You can sell your writing, if you take writing seriously. How?
- Live Writing: View every aspect of your life, everything you see, or hear, or do, through the lens of writing. “Would this work? Or this?” Some leap out, like the woman who said her favorite place to play as a kid in Nazi Germany, “was on the unexploded bombs.” Even if an idea doesn’t seem obvious…
- Keep A Compendium of Ideas: Write down every possible concept or idea because you never know which one, or two, or three of them, separately or together, might trigger a piece. Come up with at least one idea a day for magazines you want to work on, or in general. Ideas equal money.
- Learn the Basics: Study magazine or website basics where you want to publish–type of article, length, type of writing–and write queries or pitches.
- Write Every Day: You must. If you don’t, the hullaballoo of daily life will snip your writing threads and, later, your brain will need time to sew the threads back together. That’s time lost you could have used to write every day.
Produce at least 500 words a day. What’s better? 1,000! And, aim toward publishing. Write a query letter or an article. You’re a writer. You can do it. Every bit of your writing makes you better. Constant writing leads to writing easily, well, and prolifically.

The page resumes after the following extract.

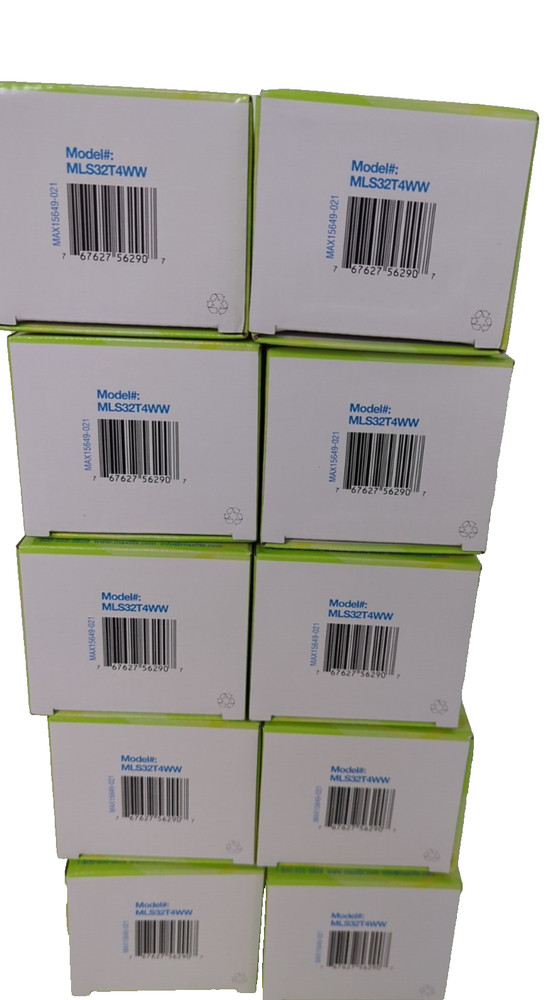 Lot of 10 MaxLite T4 Spiral 150W 32.5Watts Model MLS32T4WW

- Percolate. Always keep several projects percolating in your writing pot at all times. I started with submitting essays to Listen and Rural Electric Co-operative magazine, poetry and essays to Great River Review, and my running experiences to Runner’s World. So, when I tired, I merely moved on to another piece. I never quit during my writing time. Sometimes, I had nine or 10 pieces going at one time. That’s being prolific. You can do the same. Figure out what works for you. As you get better, go after more and bigger magazines. When you sell to a high paying magazine, keep going after them.
- Choose a Writing Niche. I chose farm-related (or rural) magazines. I lucked out. While interviewing for Toy Farmer articles, farmers would say, “Let me show you my other toys.” Those were real tractors, farm machinery, and gas engines, all of which I could write about. Often, I wrote 3 articles on one person, for three different magazines, until I had written in Toy Farmer (319 articles), Farm Collector (258), Gas Engine (84), and others.
Other niches I’ve written about include farming, religions (I often sell the same piece to different religious magazines,) model railroads, dolls, humor, sports, retirement, and many others.
- Learn to Interview. After finding subjects, and getting magazine permission, I interviewed the experts–farmers and collectors. Interviews (or the promise of those after assignments) are how to get saleable articles. Mine were mostly telephone interviews of 20-30 prepared questions, recorded or typed, and then I spun those into articles. Niche magazines require interviewed people in their articles and interviews sell pieces.
- Take Photos. Photos sell articles. I take them at shows, or have the interviewee take photos, and send those to me.
- Read Other Writers. Those better than you; those writing for magazines that you want to write for.
- Rewrite: After finishing a piece, set it aside for several days. As Hemingway said, “There is no such thing as great writing. Only great rewriting.” Come back, and make changes. Rewriting always makes a piece better.
- Write for Anyone Who Pays. I’ve published 4,253 articles (including this one!), essays, interviews, features, and more, mostly nonfiction, and I’m still writing.
RELATED
- Brutal Honesty, Because You Asked! Why YOUR Book Isn’t Selling – by Angela Hoy
- 55 Dos and Don’ts of Book Selling Has Been Published! – Get Your FREE Copy TODAY!!
- Book Genres That Are Selling GREAT Right Now
- Author Sells 60K Copies in 1 Week AND Testifies Before the U.S. Senate – by James M. Walsh, Esq.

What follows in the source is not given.